# WHAT YOU SHOULD DO:
Below is a listing; retype exactly the lines between the one containing "alcohol anthro athletic" and the one containing "New Zealand Police", inclusive, minus the pictures.

# EXERCISE DATA:

====

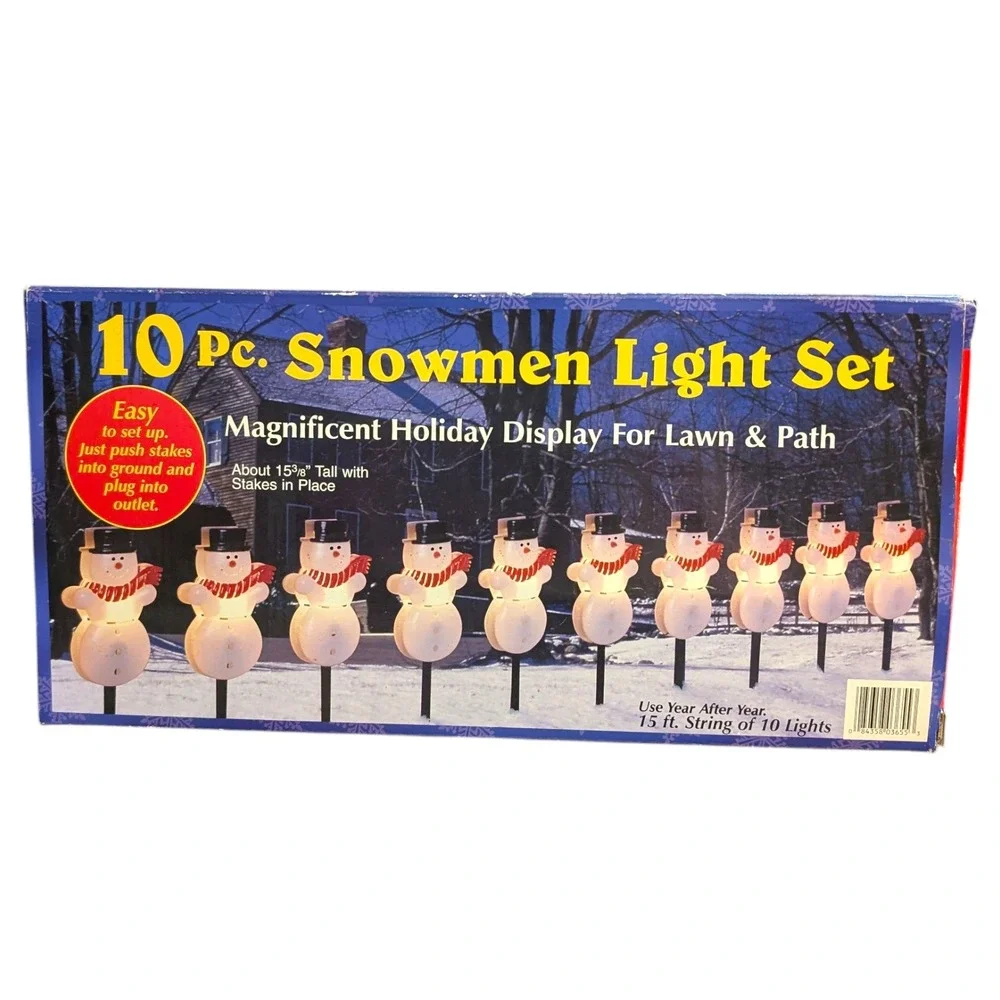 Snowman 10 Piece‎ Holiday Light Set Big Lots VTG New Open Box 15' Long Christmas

====

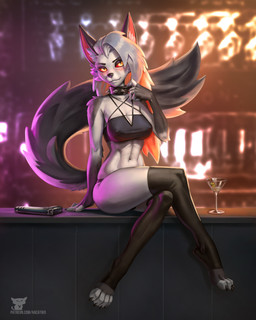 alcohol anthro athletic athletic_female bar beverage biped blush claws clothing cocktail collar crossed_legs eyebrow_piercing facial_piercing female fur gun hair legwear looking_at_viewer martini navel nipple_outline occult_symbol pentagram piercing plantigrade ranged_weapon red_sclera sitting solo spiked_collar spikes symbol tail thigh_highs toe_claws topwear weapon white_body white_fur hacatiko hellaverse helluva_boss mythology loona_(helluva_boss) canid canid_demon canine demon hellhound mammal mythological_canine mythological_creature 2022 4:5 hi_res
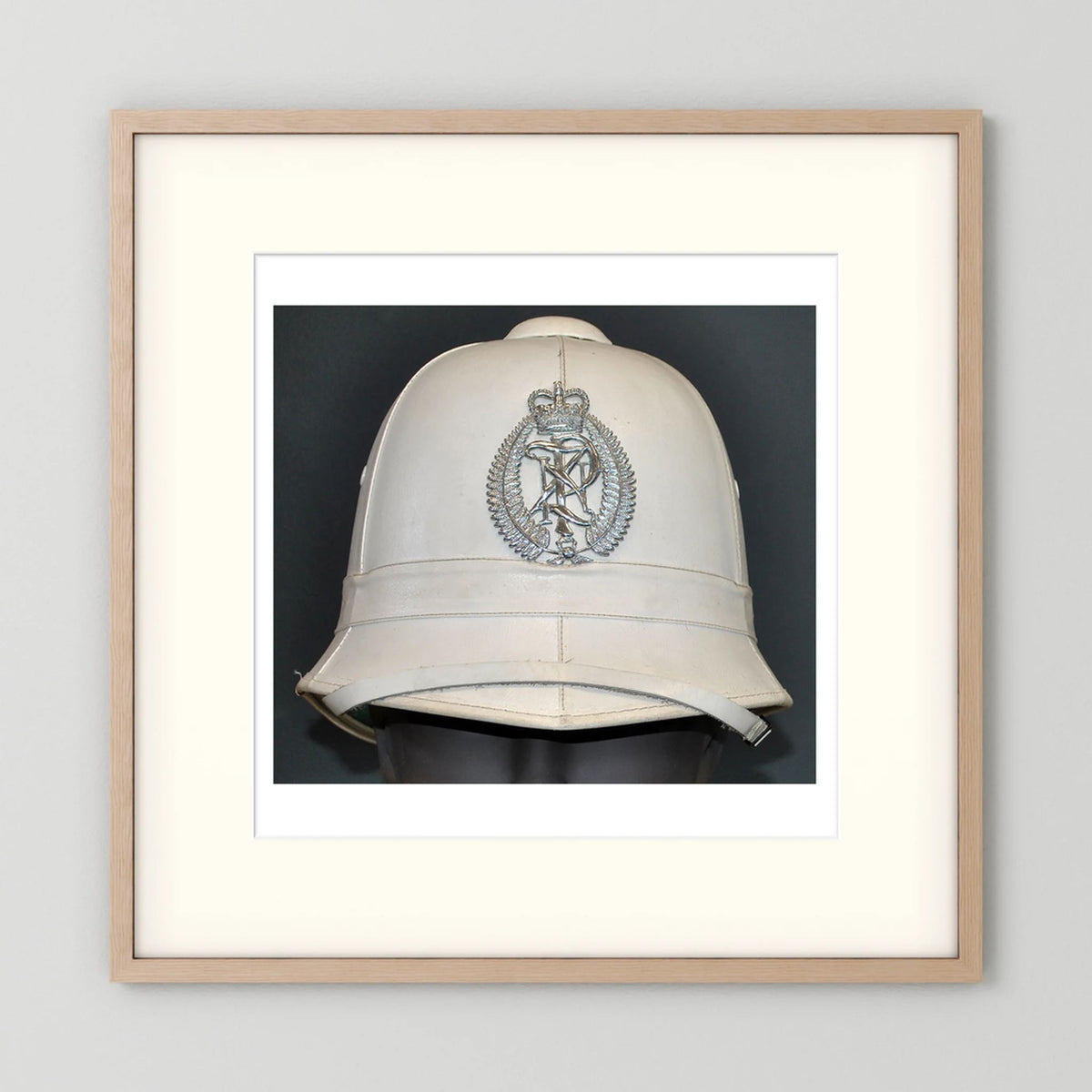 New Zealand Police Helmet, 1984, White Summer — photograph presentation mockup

====

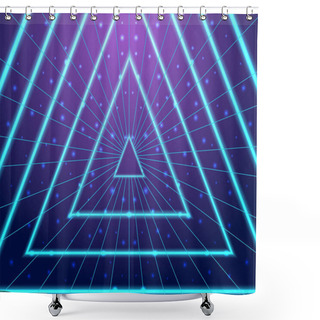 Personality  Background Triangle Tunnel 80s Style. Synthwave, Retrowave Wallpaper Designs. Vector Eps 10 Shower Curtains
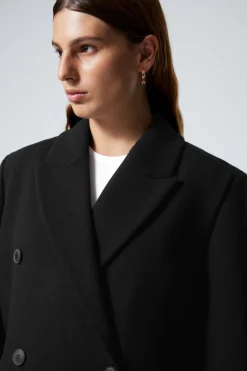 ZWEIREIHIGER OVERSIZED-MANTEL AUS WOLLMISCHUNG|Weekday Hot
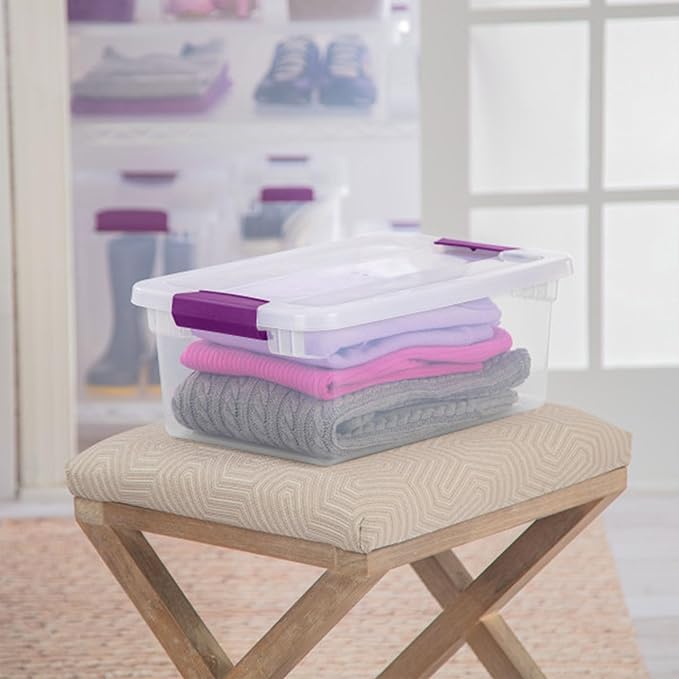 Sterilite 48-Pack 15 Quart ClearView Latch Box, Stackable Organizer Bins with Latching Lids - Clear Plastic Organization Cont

====

# ANSWER SECTION:
 alcohol anthro athletic athletic_female bar beverage biped blush claws clothing cocktail collar crossed_legs eyebrow_piercing facial_piercing female fur gun hair legwear looking_at_viewer martini navel nipple_outline occult_symbol pentagram piercing plantigrade ranged_weapon red_sclera sitting solo spiked_collar spikes symbol tail thigh_highs toe_claws topwear weapon white_body white_fur hacatiko hellaverse helluva_boss mythology loona_(helluva_boss) canid canid_demon canine demon hellhound mammal mythological_canine mythological_creature 2022 4:5 hi_res
 New Zealand Police Helmet, 1984, White Summer — photograph presentation mockup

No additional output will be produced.